Vient ensuite le duetto d’Orlando entre Roland et Angelique « Fichè prendi ancora il sangue ». Et l’on est à compter des premières syllabes rivés au timbre pur, frémissant, d’une fierté altière de Sandrine Piau en suppliante. Même Roland crie vengeance de manière fort attendrie devant tant de grâce et de douceur. Le bourreau atteint de folie de Sara Mingardo est un homme las, au timbre cuivré, aux vocalises peu appuyées. Le duo suivant « Se teco vive il cor » permet aux deux artistes de changer de registre, et de communiquer à l’auditeur leur joie simple et primesautière, d’un bonheur sans nuage, avec une complicité et une écoute mutuelle évidente qu’on retrouve dans le « Scherzano sul tuo volto » assez proche. Les vocalises sont esquissées avec aisance, dévalées sans coup férir, avec une aisance désinvolte qui ferait rougir plus d’un chanteur. Ce qui frappe au fur et à mesure de l’écoute, c’est l’alliance de deux timbres très caractérisés, une soprano claire mais suffisamment dramatique, et un contralto aux graves pleins, virils, à la voix opulente et d’une remarquable égalité sur toute la tessiture qui peut chausser sans souci les éperons des héros masculins à incarner.
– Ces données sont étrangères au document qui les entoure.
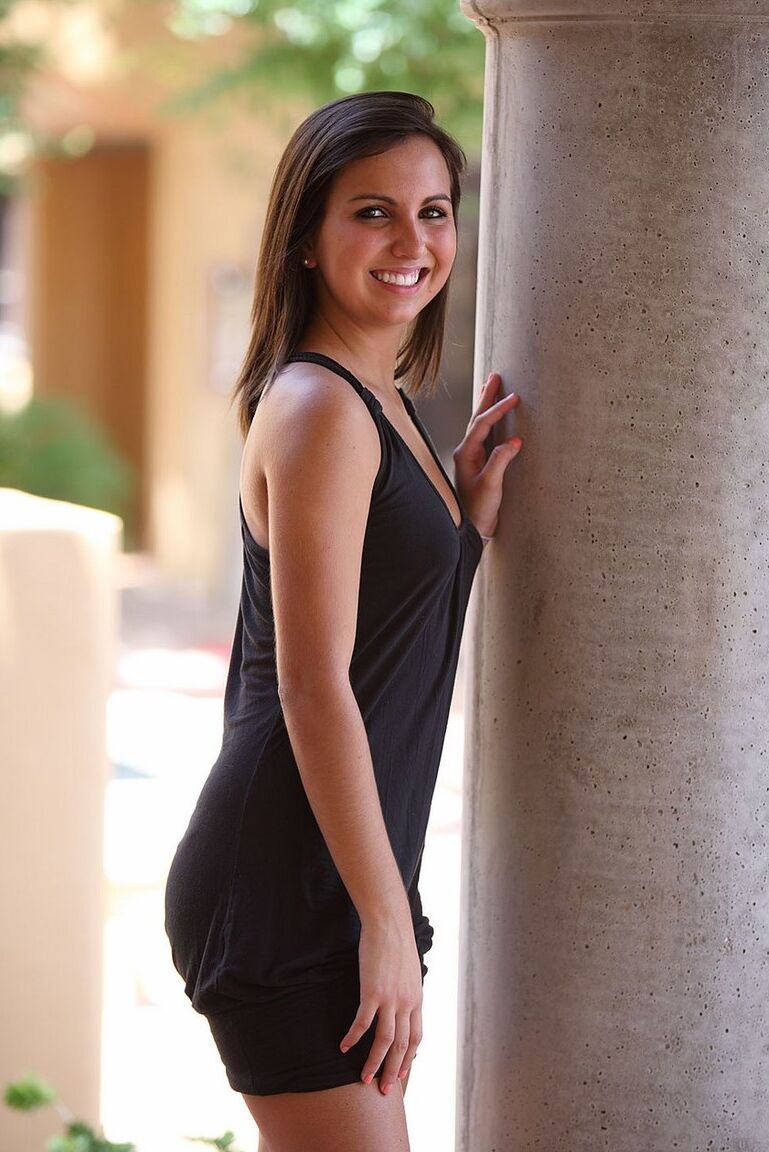 16P Bree, une adolescente coquine, fait glisser ses sous-vêtements sous sa jupe pour exposer sa chatte chauve.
Car avec Sara Mingardo, le souffle est ample, profond, les ornements robustes dans un « Piu di una tigre altero » fier et dur comme le cœur de la « tigresse » dont il est question. Le « Da un breve riposo » se dévoile irrésistiblement porté en avant, guerrier à souhait avec ses notes attaquées avec la confiance en la victoire totale. Le célèbre « Pena tiranna » – accompagné avec une insinuante suggestivité par Il Concerto Italiano, tout en tapis de cordes, hautbois aérien, basson rond murmurant – est délivré de façon noble et grandiose, drapé dans la dignité froissée d’une grande tragédienne sortie de chez Racine. Les articulations habilement dessinées, l’émission cuirassée chancelant volontairement de temps à autre, frissonnant avant de reprendre une lamentation d’une éloquence. Et tout cela avec un sens de la tenue et des nuances bonnement magistral. Voilà sans aucun doute le sommet de ce récital pourtant empli de beauté, et cet air nous a tant captivé que nous nous excusons de ne pas nous attarder plus sur les prestations solistes de Sandrine Piau, moins « visuelles », d’une élégance racée et retenue. Un mot cependant d’un « Ah! Non son io che parlo » – où l’orchestre semble un peu sec et distant – mais où le chant droit et le phrasé généreux et pudique de Sandrine Piau, doublé de ses aigus glacés, témoigne d’une rare maîtrise, certes moins extravertie que sa consœur, mais d’une froide beauté que l’on ne peut qu’admirer.

Sébastien Holzbauer

Technique : captation nette et précise, mettant fortement en valeur et en avant la voix de la mezzo.